- Full name: Bianca Fallon Mann
- Born: 21 February 1995 (age 31) Johannesburg, South Africa
- Height: 155 cm (5 ft 1 in)

Gymnastics career
- Discipline: Women's artistic gymnastics
- Country represented: South Africa
- Retired: 2017
- Medal record
Women's artistic gymnastics
Representing South Africa
African Games
| Gold medal – first place | 2015 Brazzaville | Team |
African Championships
| Gold medal – first place | 2014 Pretoria | Team |
| Silver medal – second place | 2012 Tunis | Team |
| Silver medal – second place | 2014 Pretoria | All-around |
| Silver medal – second place | 2014 Pretoria | Uneven bars |
| Silver medal – second place | 2014 Pretoria | Balance beam |

= Bianca Mann =

South African artistic gymnast

Bianca Fallon Mann (born 21 February 1995) is a South African former artistic gymnast. She is the 2015 and 2016 South African all-around champion. She is the 2014 African Championships all-around silver medalist and team champion. Additionally, she competed at the World Championships in 2014 and 2015.

== Gymnastics career ==
Mann helped South African win the team silver medal, behind Egypt, at the 2012 African Championships. Then at the 2014 African Championships, South Africa won the team title, and Mann won the all-around silver medal behind teammate Kirsten Beckett. In the event finals, she won silver medals on the uneven bars and balance beam. She competed for South Africa at the 2014 Commonwealth Games where she finished 20th in the all-around final and sixth in the team final. At the 2014 World Championships, she competed in the all-around to help the South African team finish 33rd.
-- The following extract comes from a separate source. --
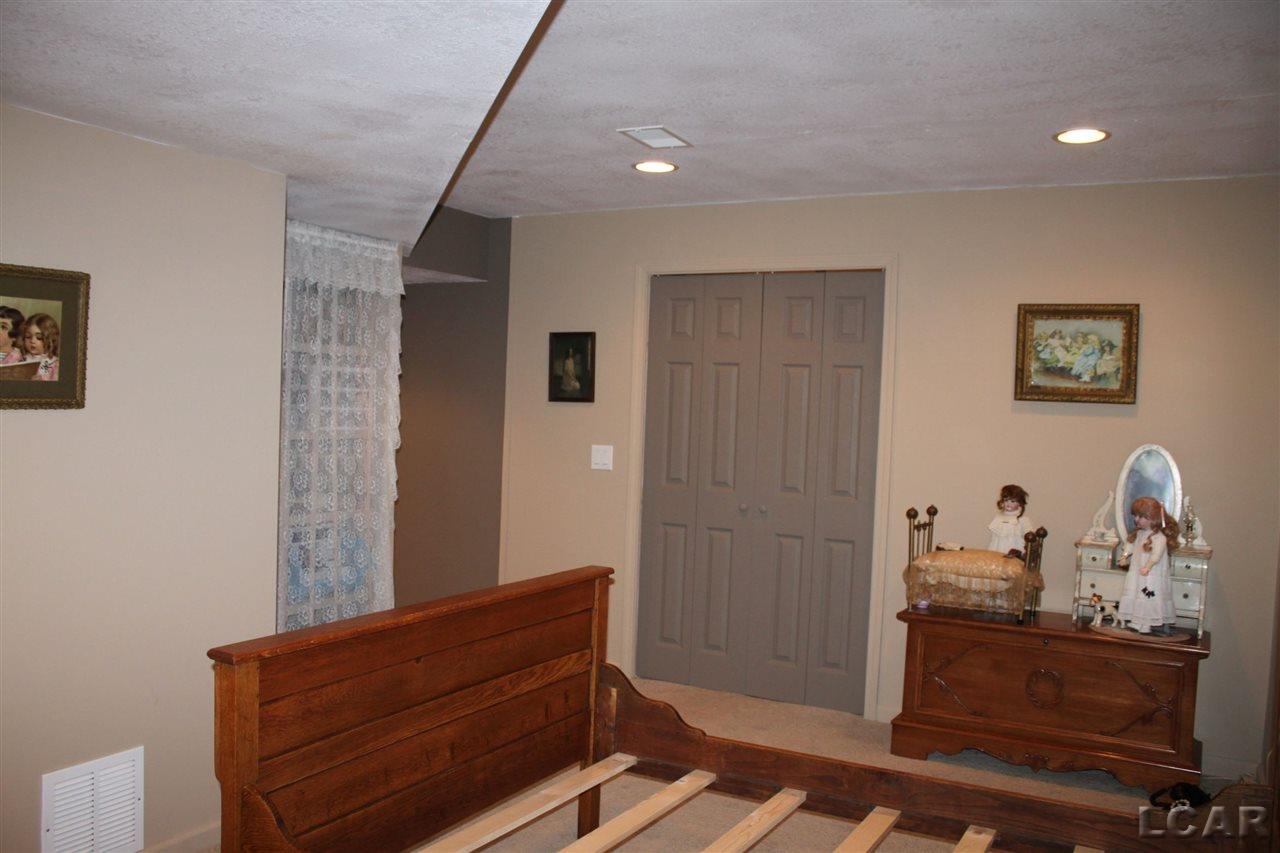 617 Ridge Lane Tecumseh, MI 49286 - Photo 33 of 34 31323544-32.JPG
At the 2015 Doha World Cup, Mann finished sixth on the uneven bars with a score of 12.625. Then, at the 2015 Ljubljana World Cup, she finished fifth on the uneven bars with a score of 11.425. She won the 2015 South African national titles in the all-around and on the uneven bars, and she also won silver on vault and bronze on balance beam and floor exercise. She won a team gold medal at the 2015 African Games. At the 2015 World Championships, she scored 49.432 in the all-around and finished 109th in the qualifications.
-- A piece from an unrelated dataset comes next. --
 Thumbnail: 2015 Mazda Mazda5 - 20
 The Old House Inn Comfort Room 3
Mann won the 2016 South African national titles in the all-around and on the uneven bars, and she also won silver on balance beam and floor exercise. Her last international competition was the 2017 Summer Universiade where she finished 11th with the team and 28th in the all-around. She won the uneven bars bronze medal at the 2017 South African Championships, and this was the final competition of her career.